I feel rage now. He, the man who “believed” in me, has hurt me the worst because I trusted him. I never trusted the out and out assholes. And the worst part is that I still have, underneath the sickness I feel right now or actually contained within it, a feeling of warmth for him. Ugh it’s repulsive. What is the name of the syndrome that makes one attached to their abusers? Maybe I’m thinking of attachment to kidnappers. But what I’m feeling now should have a name too.
So I didn’t really have a strong reaction to getting the medical records until today and it came in an unexpected form. Not so much hurt about being mistreated in a somewhat anonymous fashion within the psychiatric ward, but associated pain with the realization that someone I trusted so much hurt me. The strangers in the psychiatric ward don’t have the same power over me anymore. Perhaps it’s because it was so long ago. I don’t have clear memories. It’s much like my childhood abuse. I have very vague memories. It dulls the pain. I know horrible things happened. I have isolated memories of, for example, being slammed across the face and flying across the room into a wall. My sister fills in many gaps for me. But they are her memories. Not mine–so they don’t have immediacy–though my last visit with my father brought back the felt sense of them in a big way. I had to leave his house and not see him for the rest of the trip. It’s later in life that abuses become much more tangible. Early adulthood. One of them committed by my father. Some of them by boyfriends and then the story of my therapist I share here. Most of these I can’t even speak of. They’re too painful. I can’t say the words. I suppose it’s because there is shame involved. How do we let these things happen to us. I was an adult after all for some of these incidents. I was conveniently in the way for them to happen. Couldn’t I have made other choices?

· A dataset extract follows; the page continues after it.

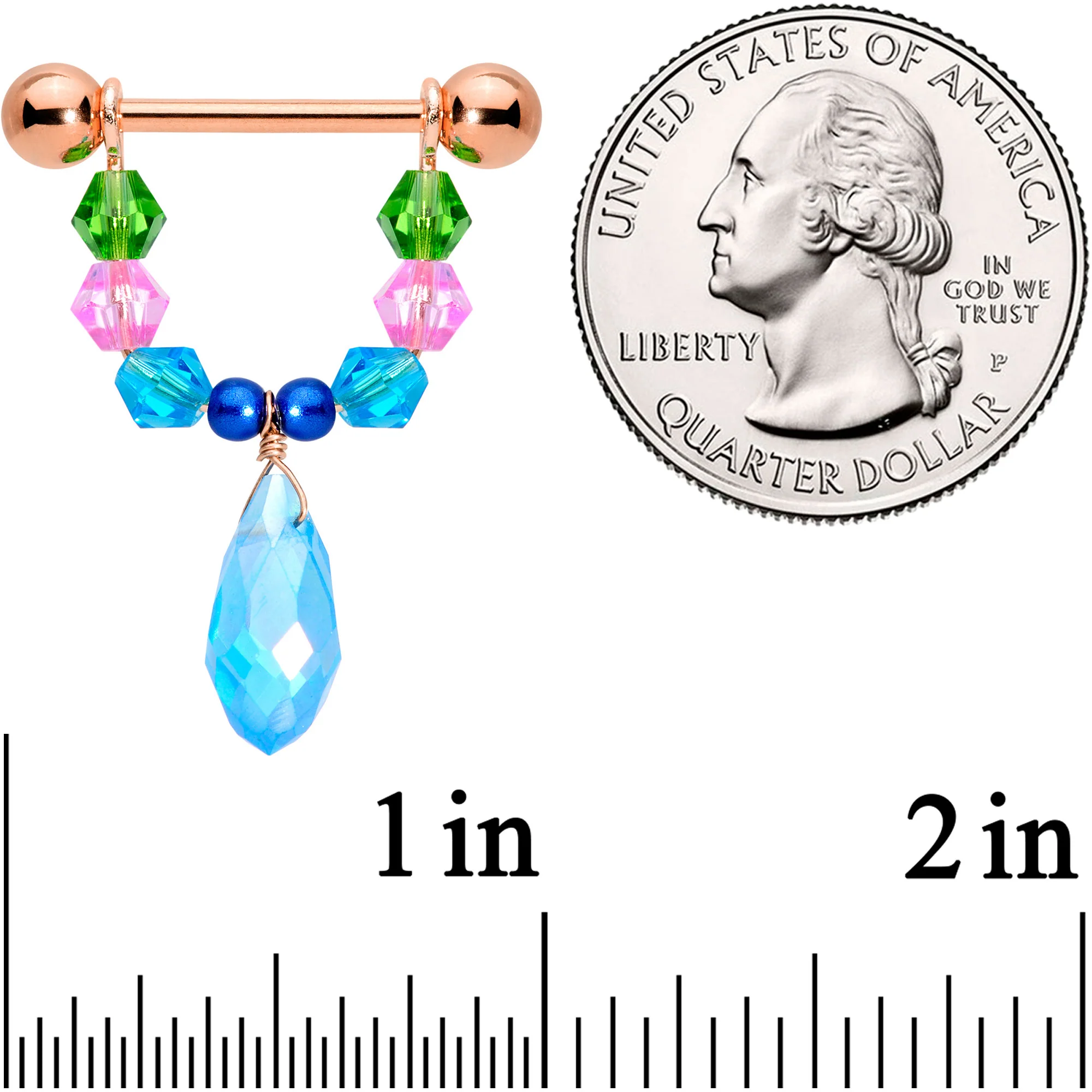 14G 5/8 Blue Pink Green Gem Rose Gold Tone Drop Nipple Ring Set - Image 2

But all together, including those I don’t remember well and certainly the time spent in the psych wards have left me feeling–I don’t even have a word for what I feel. It’s insane how it’s all coming to consciousness now. Insisting on being dealt with. Now, when my brother is dying. Somehow it makes sense. But I don’t know why. But maybe it’s a good thing it’s all coming at me at once. Perhaps I’ll be able to deal with it faster and sooner that way.